Dans un contexte africain marqué par des défis sécuritaires croissants et des mutations politiques profondes, Alger confirme son rôle central dans la consolidation des mécanismes de paix et de sécurité sur le continent.
La rencontre entre le secrétaire d’État chargé de la Communauté nationale à l’étranger, Sofiane Chaib, et le Commissaire aux affaires politiques, à la paix et à la sécurité de l’Union africaine, Bankole Adeoye, s’inscrit dans cette dynamique stratégique.
Tenue au siège du ministère des Affaires étrangères, cette réunion de haut niveau a permis d’aborder en profondeur les évolutions récentes de la situation politique et sécuritaire en Afrique.
Elle a également constitué une occasion privilégiée pour évaluer l’état de la coopération entre l’Algérie et la Commission de l’Union africaine, dans une perspective de renforcement de l’action commune face aux défis multidimensionnels auxquels le continent est confronté.
Au cœur des échanges, la nécessité d’adopter des approches concertées et adaptées aux réalités africaines s’est imposée comme une priorité.
Dans cette optique, l’Algérie réaffirme son engagement en faveur du principe des « solutions africaines aux problèmes africains », une doctrine qui vise à promouvoir des réponses endogènes, fondées sur la connaissance des contextes locaux et le respect des souverainetés nationales.

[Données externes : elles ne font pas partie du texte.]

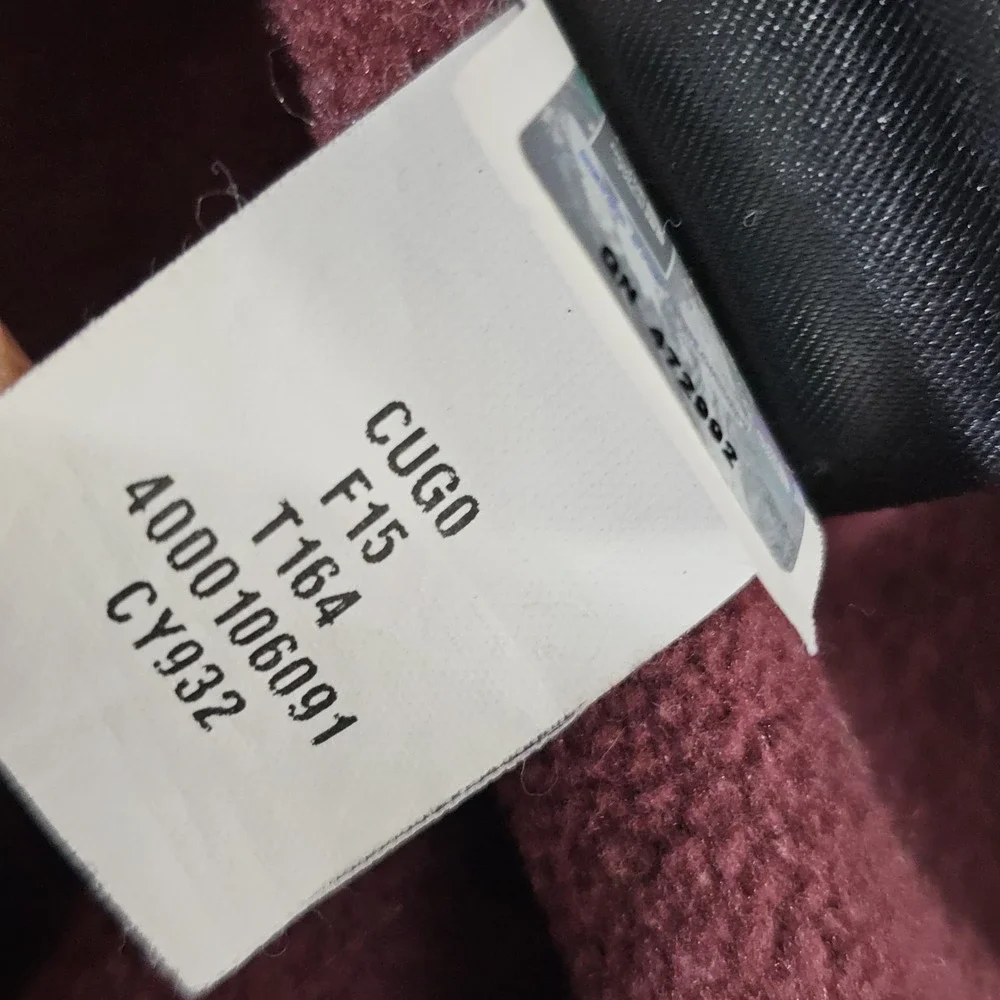 The North Face‎ Canyonlands 1/2 Zip Jacket Men's Large Sweatshirt Sweater Maroon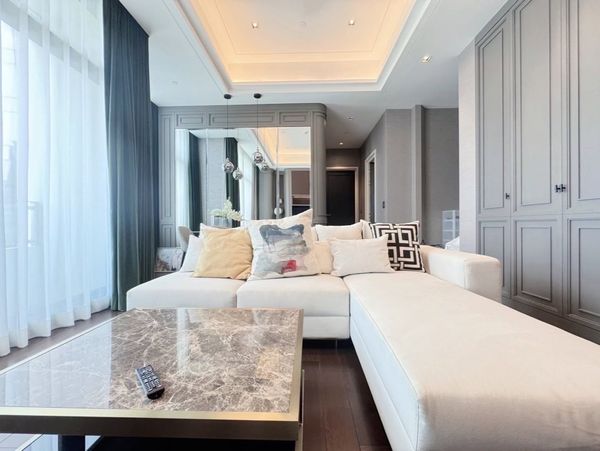 ให้เช่า The Diplomat 39 ห้องหรูใจกลางพร้อมพงษ์ | 2 ห้องนอน 86 ตร.ม. ชั้น 27 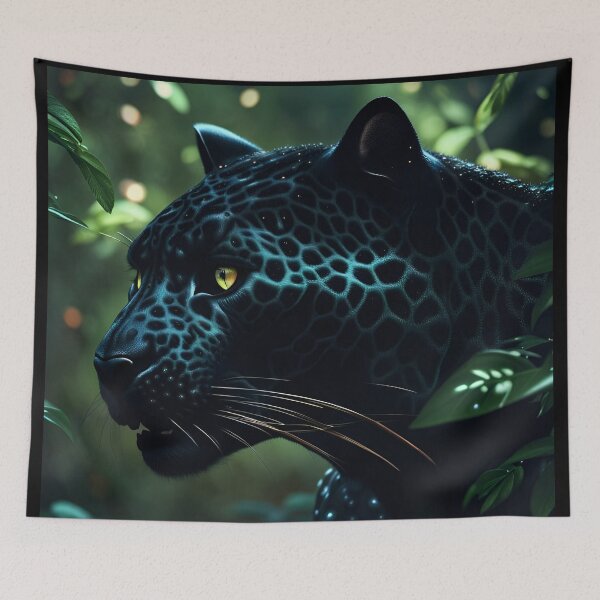 Item preview, Holographic black panther  designed and sold by WalterGomes.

La présence du secrétaire général du ministère des Affaires étrangères, Lounès Magramane, à cette rencontre témoigne de l’importance accordée par les autorités algériennes à cette coopération stratégique.
Les discussions ont notamment porté sur les mécanismes de prévention des conflits, la gestion des crises et le renforcement des capacités institutionnelles de l’Union africaine en matière de maintien de la paix.
L’Algérie, forte de son expérience diplomatique et de son engagement historique en faveur des causes africaines, continue de jouer un rôle moteur dans la promotion de la stabilité régionale.
Son implication active dans les initiatives de médiation et de résolution des conflits lui confère une crédibilité reconnue sur la scène continentale.
Cette posture proactive s’inscrit dans une vision globale visant à consolider la sécurité collective et à favoriser le développement durable.
Les échanges entre les deux responsables ont également mis en lumière l’importance de la coordination entre les États membres et les institutions africaines.
Dans un environnement international en constante évolution, marqué par l’émergence de nouvelles menaces transnationales, cette coopération apparaît plus que jamais indispensable.
En réaffirmant son rôle pivot, l’Algérie confirme sa volonté de contribuer activement à la construction d’un espace africain stable, intégré et résilient.
Cette ambition se traduit par un engagement constant en faveur du dialogue, de la concertation et du multilatéralisme.
Au-delà des enjeux sécuritaires, cette rencontre illustre une vision stratégique plus large, celle d’une Afrique capable de prendre en main son destin, en s’appuyant sur ses propres ressources et ses propres institutions.
Dans cette perspective, Alger se positionne comme un acteur clé, déterminé à accompagner les transformations du continent et à promouvoir une gouvernance fondée sur la paix, la stabilité et la solidarité.